= TASK STATEMENT =
Once you find the line with "Bousculade en tête du classement Bousculade", copy it and every line after it through the end of the entries below, exactly as written.

= DATA EXCERPTS =
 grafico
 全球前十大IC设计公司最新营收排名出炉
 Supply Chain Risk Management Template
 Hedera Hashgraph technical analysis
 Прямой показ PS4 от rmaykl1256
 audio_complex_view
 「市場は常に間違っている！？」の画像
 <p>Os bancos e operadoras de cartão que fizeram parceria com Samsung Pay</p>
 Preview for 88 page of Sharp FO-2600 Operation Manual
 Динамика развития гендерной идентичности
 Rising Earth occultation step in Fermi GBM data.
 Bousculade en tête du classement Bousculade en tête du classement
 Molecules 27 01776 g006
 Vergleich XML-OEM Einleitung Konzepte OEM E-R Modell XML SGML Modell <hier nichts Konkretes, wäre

= ANSWER SECTION =
 Bousculade en tête du classement Bousculade en tête du classement
 Molecules 27 01776 g006
 Vergleich XML-OEM Einleitung Konzepte OEM E-R Modell XML SGML Modell <hier nichts Konkretes, wäre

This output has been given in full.